The heart is considered to have three segments: the atria, ventricles, and the great vessels. The atria and ventricles are each partitioned into two compartments, the left and right sides, with two atrioventricular valves that connect the respective ventricle to the atria and the semilunar valves that connect the great vessels to the ventricles.

The heart is a central mediastinal organ that lies generally in the left chest and aligned with the long axis
traveling from the posterior right shoulder to the left nipple, as related to the sagittal plane of the body. This is the standard position, defined as normal or levocardia. Infrequently, the heart is in the opposite chest, with a mirror image denoted as dextrocardia. An even rarer finding is that of mesoposition, where the heart occupies the midline position.

In healthy individuals, the cardiovascular, gastrointestinal, and respiratory organs are asymmetric such that sidedness occurs. The cardiovascular side is defined by the position of the morphologic right atrium. This is determined specifically by the size and shape of the right atrial appendage. Importantly, it is not decided by position of the LV, ventricular apices, relationship of the great arteries, or more importantly, by the particular side that the gastrointestinal or respiratory system occupies. Similarly, definitions of sidedness for the pulmonary and gastrointestinal system can be defined by the relationship of the lungs to the liver/inferior vena cava system. Sidedness has many variants: situs solitus is normal as described in the preceding text,
whereas situs inversus is the mirror image of the entire mediastinal respiratory and gastrointestinal system. Situs isomeric defines a more symmetric pattern with situs indeterminate and situs ambiguous defining less clear relationships of the three systems to each other. Finally, right isomerism is when there is bilateral right-sided symmetry and left isomerism is when there is bilateral left-sided symmetry. In the former, there is a bilateral morphologic right atria (two) while the spleen is absent, known as asplenia syndrome.

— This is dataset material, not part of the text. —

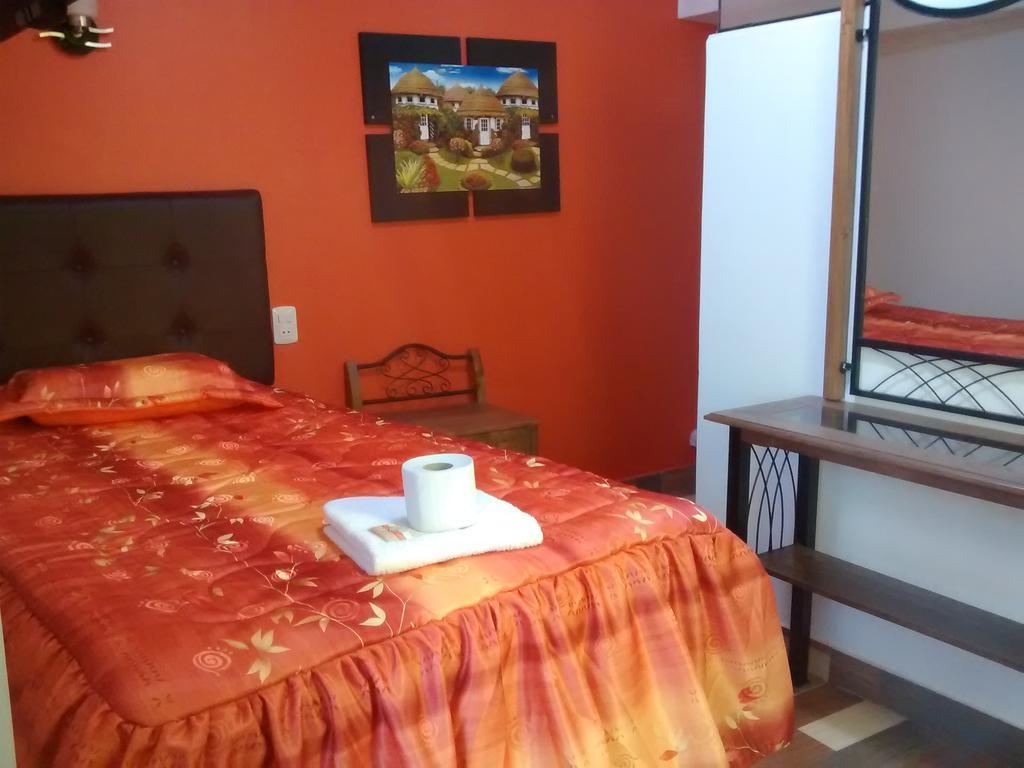 Hotel Residencial El Eden De Adan Y Eva อันดาอวยลัส ห้อง รูปภาพ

An understanding of the morphologic features of the right and left atria in healthy individuals is critical. While seemingly mundane, a well-founded anatomic understanding in healthy individuals is essential to allow insight into pathologic states, especially in congenital heart disease. The right atrium has small-to-absent pectinate muscles and, as a large tricorn appendage, receives the superior and inferior vena cava, as well as the coronary sinus. An important feature, helping to define the right atrium, is a subtle projection from the inside of the right atrium called the crista terminalis. The projection of this feature as viewed from the pericardial side is the sulcus terminalis. The morphologic left atrium is smaller than the right, has slightly thicker walls, and has a windsocklike appendage with larger pectinate muscles. There is no crista terminalis and the body of the left atrium receives the four pulmonary veins. The left atrium has a septum primum, whereas the right atrium has the septum secundum, which forms the interatrial septum. Not seen by current imaging techniques, are the foramina venarium minima, which are small venous openings returning venous flow directly from the cardiac muscle. The right atrium is superior and rightward to the heart. The entrance to the right atrium can be traced from three pathways: superior vena cava (SVC) (superior), inferior vena cava (inferior), and the coronary sinus (located inferior and posterior and below the floor of the left atrium). A fourth entrance is through the tricuspid valve. Entrance into the left atria, however, is through the four pulmonary veins, which are normally located as two right (upper and lower) and two left (upper and lower). The position and number of pulmonary veins can vary considerably from four, and the appearance on images is quite variable. In patients referred for pulmonary vein isolation, we and others have described as many as seven veins and as few as two. Frequently, the pulmonary veins do not lie in a superior-inferior direction, but enter the body of the atrium in one plane, making it difficult for an electrophysiologist to locate the anatomic variants. A considerable amount of variability is sometimes not recognized, and therefore not reported. Especially, when more than four pulmonary veins are identified, one can imagine the difficulty encountered when the electrophysiologist isolates the first four pulmonary veins and,
unknown to him, there are several more. CMR has a unique ability to define these anatomic variants and relate them in space using SSFP or three-dimensional magnetic resonance angiography (MRA) reconstruction techniques.